Task to complete>
The line that contains "Симментальская порода крупного" marks the start. Please set it down, with every later line of the data, exactly and without pictures.

BEGIN Stored data

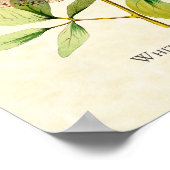 White Bellied Emerald Hummingbird Art Print ポスター (角)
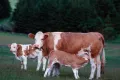 Симментальская порода крупного рогатого скота. Корова с телятами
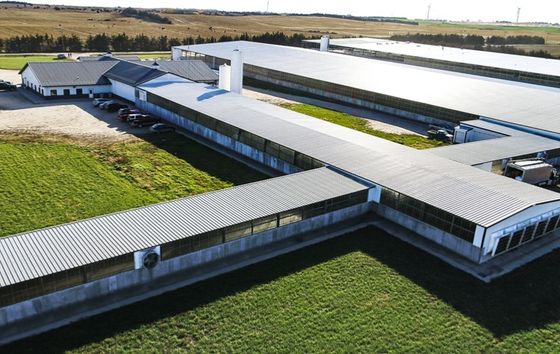 Сэндвич-панель с металлической изготовкой из Q235B/Q345B низкоуглеродистой стали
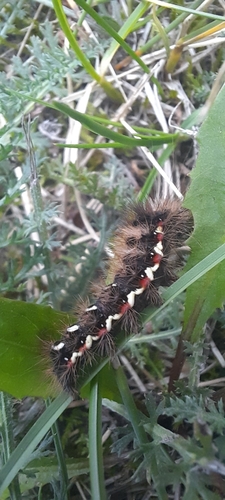 Knot Grass Moth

END Stored data

Written solution>
 Симментальская порода крупного рогатого скота. Корова с телятами
 Сэндвич-панель с металлической изготовкой из Q235B/Q345B низкоуглеродистой стали
 Knot Grass Moth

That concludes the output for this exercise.